Can you post what is the setup you are using to capture the photograph of  moon ?
You will require a zoom lens atleast 200mm or more to capture it clearly.
Here's my image using 1000D and 55-250mm lens



half moon by Mohit Khurana, on Flickr


----------



## jwbryson1 (Jun 6, 2012)

MDH said:


> the moon was always just a bright light.



It sounds like you need to shoot with a faster shutter speed or a smaller aperture.

Are you using a tripod?  A tripod is a necessity when shooting photos of the moon.


----------



## 480sparky (Jun 6, 2012)

If you're trusting your meter for a setting, that's your problem.  The meter is seeing the black sky, and compensating for it, causing the moon to get washed out as a result.

Simple rule for photographing the moon:  It's called the Sunny 16 Rule.

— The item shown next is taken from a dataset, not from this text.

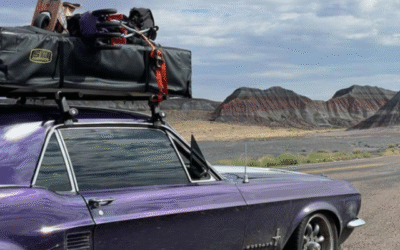 The Marvelous Wanderings of Adventurestang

After all, the moon IS sunlit, isn't it?


----------



## MDH (Jun 7, 2012)

Thanks for the help. I found the solution. Even though I was trying different f-stops, apertures, etc. I didn't take into account the surrounding area and was metering off of that. I found several articles on the subject and I am ready for the next full moon. Thanks Again


----------



## 480sparky (Jun 7, 2012)

MDH said:


> Thanks for the help. I found the solution. Even though I was trying different f-stops, apertures, etc. I didn't take into account the surrounding area and was metering off of that. I found several articles on the subject and I am ready for the next full moon. Thanks Again



Actually, a full moon will appear flat & dull.  Try shooting anything _but_ a full moon so there's plenty of shadows to give the surface some definition.


----------